Chad dan negara-negara tetangganya merupakan mitra penting militer Barat dalam perjuangan bersama melawan pemberontakan kelompok Islam radikal di kawasan tersebut, hingga terjadinya kudeta dalam beberapa tahun terakhir.
Namun, sejauh ini, Chad belum "mengikuti" pemerintahan militer di Burkina Faso, Mali, dan Niger untuk mengakhiri kerja sama militer dengan Prancis dan sekutu tradisional lainnya di Barat, sembari memperkuat hubungan dengan Rusia.
Niger akhiri perjanjian militer dengan AS, kritik perilaku "arogan"
Sementara itu, militer AS dikabarkan akan segera menarik diri dari Niger, negara tetangga Chad di sebelah barat. Reuters baru-baru ini mengutip sebuah sumber yang mengatakan bahwa pemerintahan militer di Niamey telah mencapai kesepakatan dengan Wakil Menteri Luar Negeri AS Kurt Campbell mengenai penarikan pasukan Washington.

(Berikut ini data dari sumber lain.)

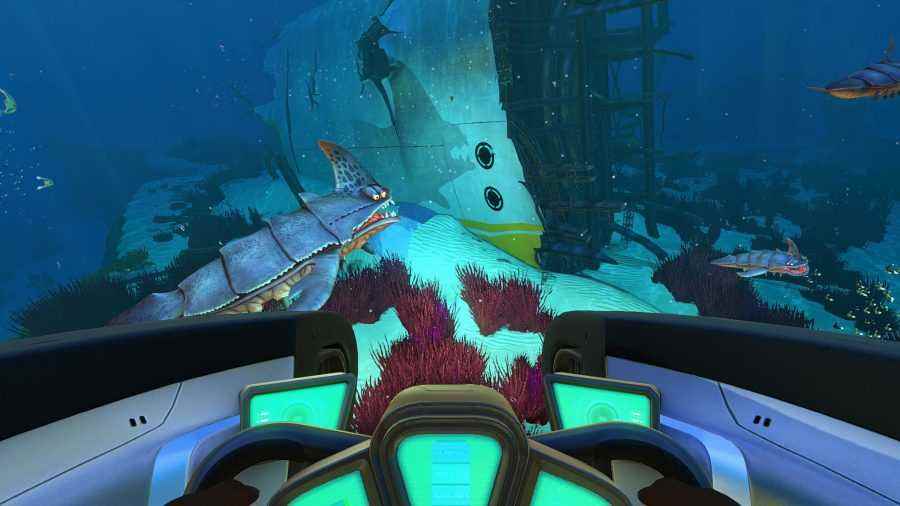 Subnautica en iyi denizaltı oyunları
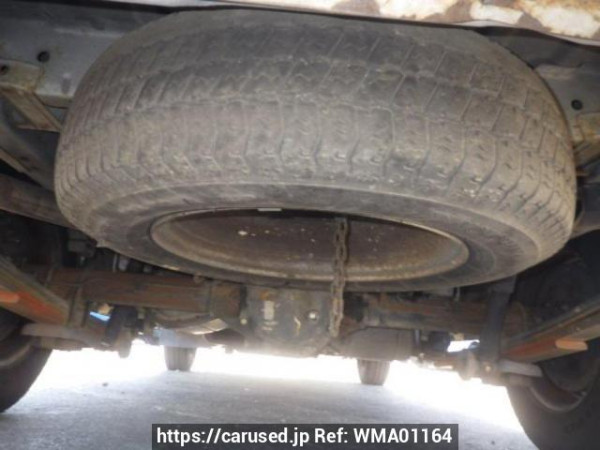 Used 2005 AT nissan caravan-van CWGE25 Image[37]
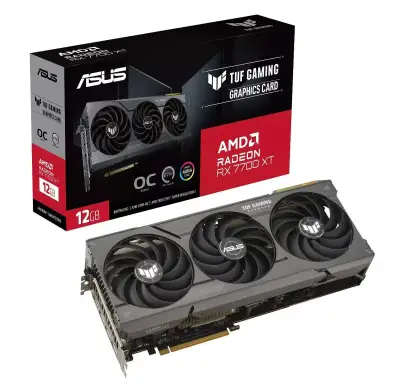 RX 6700 / 7700 XT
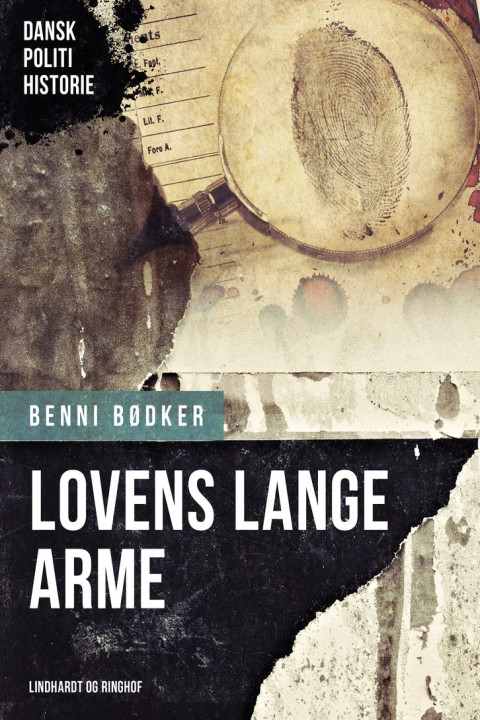 Omslag: Lovens lange arme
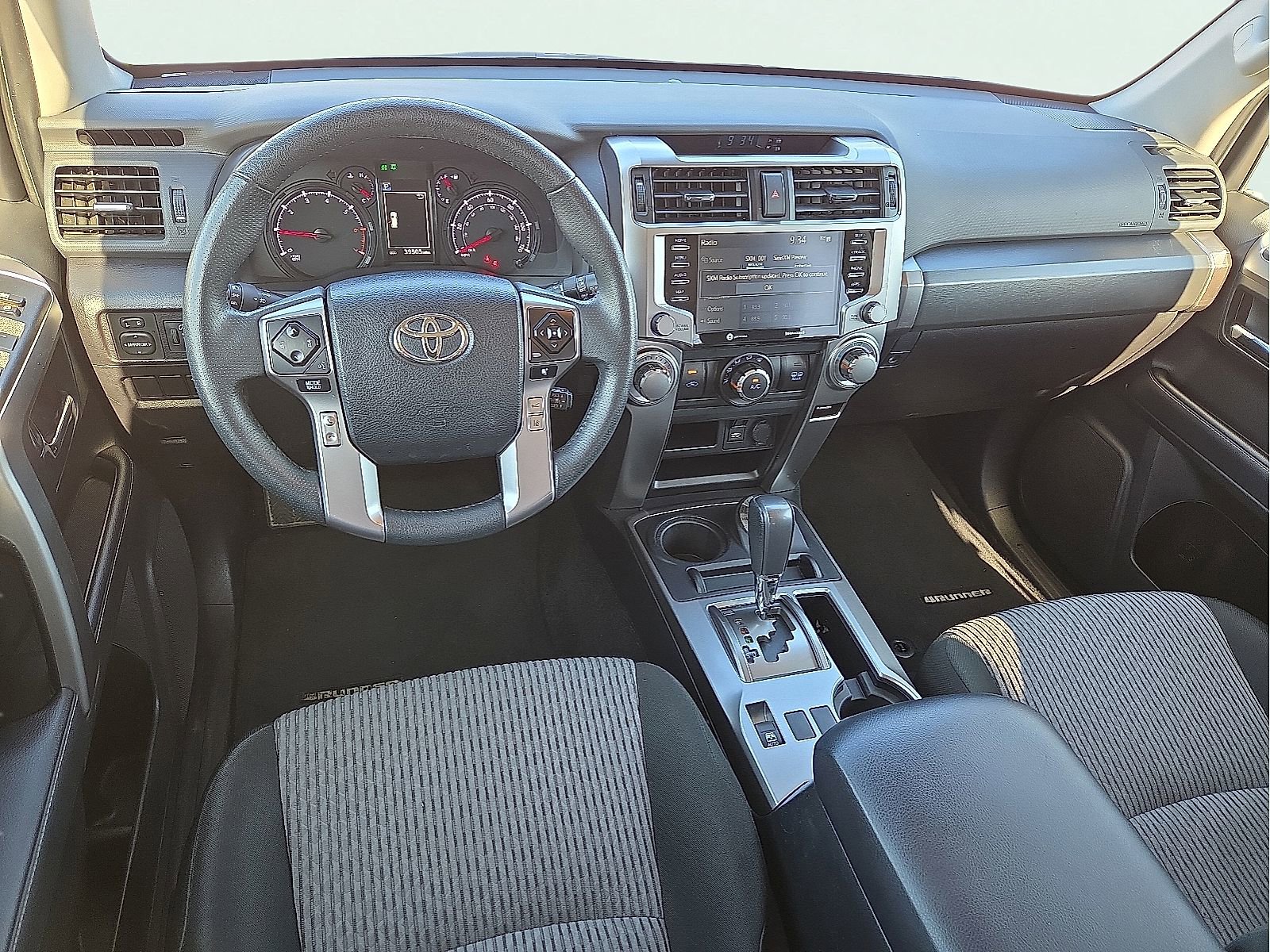 Used 2024 Toyota 4Runner SR5 AWD/4WD image 11
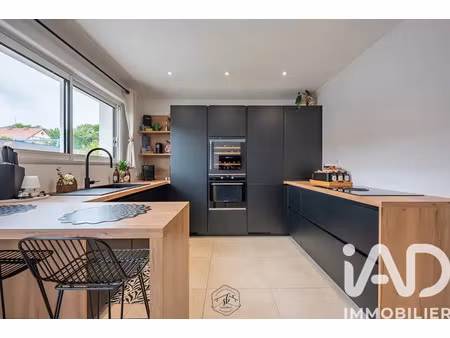 maison à entrange (57330)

Hingga tahun lalu, Niger memiliki lebih dari 1.000 tentara AS yang ditempatkan di sana. Pasukan AS beroperasi dari dua pangkalan, termasuk pangkalan pesawat tanpa awak yang disebut "Pangkalan Udara 201" di dekat kota Agadez di Niger tengah. Pangkalan tersebut dibangun dengan biaya lebih dari $100 juta.
Pesawat angkut militer C-17 Globemaster III AS di Pangkalan Angkatan Udara 201 di Niger pada tahun 2021.
Sejak 2018, pangkalan tersebut telah digunakan untuk melancarkan serangan terhadap ISIS dan Jama'at Nusrat al-Islam wal Muslimeen, afiliasi al-Qaeda, di wilayah Sahel Afrika.
AS dan Niger akan membahas cara menarik pasukan dalam beberapa hari mendatang, kata seorang sumber kepada Reuters, seraya menambahkan bahwa kedua pihak akan mempertahankan hubungan diplomatik dan ekonomi.
The New York Times sebelumnya melaporkan bahwa lebih dari 1.000 tentara AS akan meninggalkan Niger dalam beberapa bulan mendatang.
Bulan lalu, pemerintahan militer Niger menyatakan akan menangguhkan perjanjian militer yang mengizinkan personel militer dan sipil AS dari Departemen Pertahanan untuk bepergian ke negara itu. Pentagon kemudian menyatakan sedang berupaya untuk memperjelas langkah selanjutnya.
Seorang pejabat AS mengungkapkan bahwa Washington memiliki kurang dari 100 tentara yang ditempatkan secara bergilir di Chad. Menurut pejabat ini, meninggalkan Chad tidak baik bagi militer AS, tetapi akan jauh lebih mudah daripada menarik diri dari Niger.